Sri Lanka will re-acquire GSP+ status this Friday, European Union’s Ambassador to Sri Lanka and the Maldives Tung-Lai Margue, told journalists in Colombo yesterday.
“The GSP+ decision will be published in the official journal of the European Union on Thursday. That means one day after the publication exports from Sri Lankan manufacturers will be allowed to enter the EU without any Customs duties,” Margue said. He said the EU will remove a significant part of the remaining import duties on Sri Lankan products entering the EU market in exchange for the country’s commitment to ratify and effectively implement 27 international conventions on human rights, labour conditions, protection of the environment and good governance. These one-way trade preferences will consist of the full removal of duties on 66% of tariff lines, covering a wide array of products including textiles and fisheries. The removal of duties will come into force the day after publication in the official journal of the EU, he added.
Margue remarked that GSP+ will create great incentives to increase Sri Lankan exports to the EU, which is already the country’s biggest export market.
In 2016, EU imports from Sri Lanka totalled 2.6 billion euros, and Margue noted that this number will grow larger with GSP+.
“The direct benefits based on present exports to the EU will be roughly 300 million euros per year, and this could of course increase and reach 1 billion euros in a few years,” he said.
The exporters of garments and textiles, rubber products, small machinery, fisheries, food products and tea stand to gain the most from the improved trade status, according to the Ambassador.
He also remarked GSP+ will help reduce Sri Lanka’s trade deficit and encourage Sri Lankan companies to diversity their exports due to their increased competitiveness in the EU market.
While there are myriad direct benefits that come with the reduction of tariffs, Margue stressed than an indirect benefit of GSP+ is to make Sri Lanka a more attractive country in which to invest.
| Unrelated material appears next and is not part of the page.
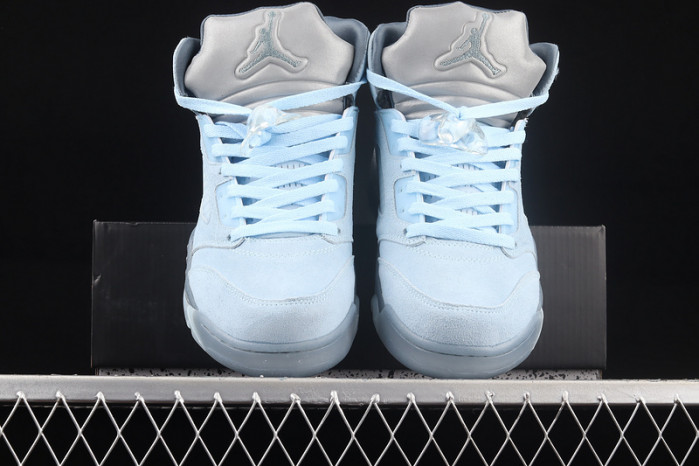 Wmns Air Jordan 5 Retro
“We expect more foreign companies to invest in Sri Lanka and start business, especially manufacturing businesses. This will mean more jobs available for Sri Lankans,” he said.
The Ambassador added that it is the EU’s hope that the benefits of GSP+ will reach people in parts of the country that were most affected by the conflict, especially the Northern and Eastern Provinces, as well as women.
The EU is launching a project worth 8 million euros over five years to help small and medium-sized enterprises (SMEs) to bring their products upto EU standards.
The granting of GSP+ is based on the country showing that it is continuing to make progress towards effectively implementing 27 international conventions on human rights,labour conditions, protection of the environment and good governance.
There will be a stringent, bi-annual monitoring process to make sure that Sri Lanka continues to progress.The first such report is due in January 2018.
Sri Lanka has the chance to benefit from the trade scheme until it achieves upper middle income country status for three consecutive years. Based on current trends, that should mean that Sri Lanka will benefit from GSP+ until at least 2021,Margue said.
European Union’s Ambassador to Sri Lanka and the Maldives Tung-Lai Margue.